Er sagt, der Boxsport sei der Sport der Armen. Als er noch Schüler war, bezahlten ihm meine beiden anderen Trainer die Busfahrkarten zum Training, da er sie nicht bezahlen konnte und seine Boxkarriere sonst möglicherweise daran gescheitert wäre. Für meine Freunde hat er eine gewisse Vorbildfunktion, viele identifizieren sich mit ihm. Unser Viertel ist nicht gerade wohlhabend und wenn mir meine Freunde von ihren Leben erzählen – Armut, Arbeitslosigkeit der Eltern, Familiendramen – wird mir der Traum einiger, durch das Boxen aus alldem auf eine gewisse Weise herauszukommen und wie meine Trainer mit dem Geld zu verdienen, was sie lieben, recht verständlich.
Vielleicht ist dieser Hunger nach Erfolg ein Grund dafür, dass unser Team, das noch gar nicht so lange besteht, so erfolgreich ist. Und von diesem Ehrgeiz habe ich mich irgendwie anstecken lassen. Meine Trainer organisieren mir meinen ersten Kampf in wenigen Wochen, damit ich diese Erfahrung von hier mitnehmen kann. Also heißt es ab jetzt, durchziehen.

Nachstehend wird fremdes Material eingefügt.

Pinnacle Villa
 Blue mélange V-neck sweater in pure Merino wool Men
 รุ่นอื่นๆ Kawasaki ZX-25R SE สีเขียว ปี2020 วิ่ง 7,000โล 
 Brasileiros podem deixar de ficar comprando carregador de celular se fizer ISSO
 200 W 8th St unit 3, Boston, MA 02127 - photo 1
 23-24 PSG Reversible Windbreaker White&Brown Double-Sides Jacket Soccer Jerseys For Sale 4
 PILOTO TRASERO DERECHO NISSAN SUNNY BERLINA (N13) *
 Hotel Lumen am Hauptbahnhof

Ein Blick zurück und zwei nach vorn
Und jetzt sitze ich im Bus nach Hause, erschöpft vom Sparring, aber glücklich. Und ich denke über die letzten Monate nach, darüber, dass es sich manchmal lohnt, hartnäckig zu bleiben. Und darüber was ich alles mitnehme aus dieser Zeit, dass es keine besseren oder schlechteren Kulturen gibt, nur unterschiedliche. Und darüber, wie sehr es mich bereichert hat, einmal fremd in einem Land zu sein. Und ich denke über die nächste Zeit nach, meinen ersten Wettkampf und darüber, wie sehr ich mich darauf freue, im August dann wieder beim FC St. Pauli einzusteigen. Denn auch, wenn ich mich dann von Strand, Palmen und meinem Team verabschieden muss, freue ich mich unglaublich auf euch und darauf, wieder Teil des FCSP zu sein.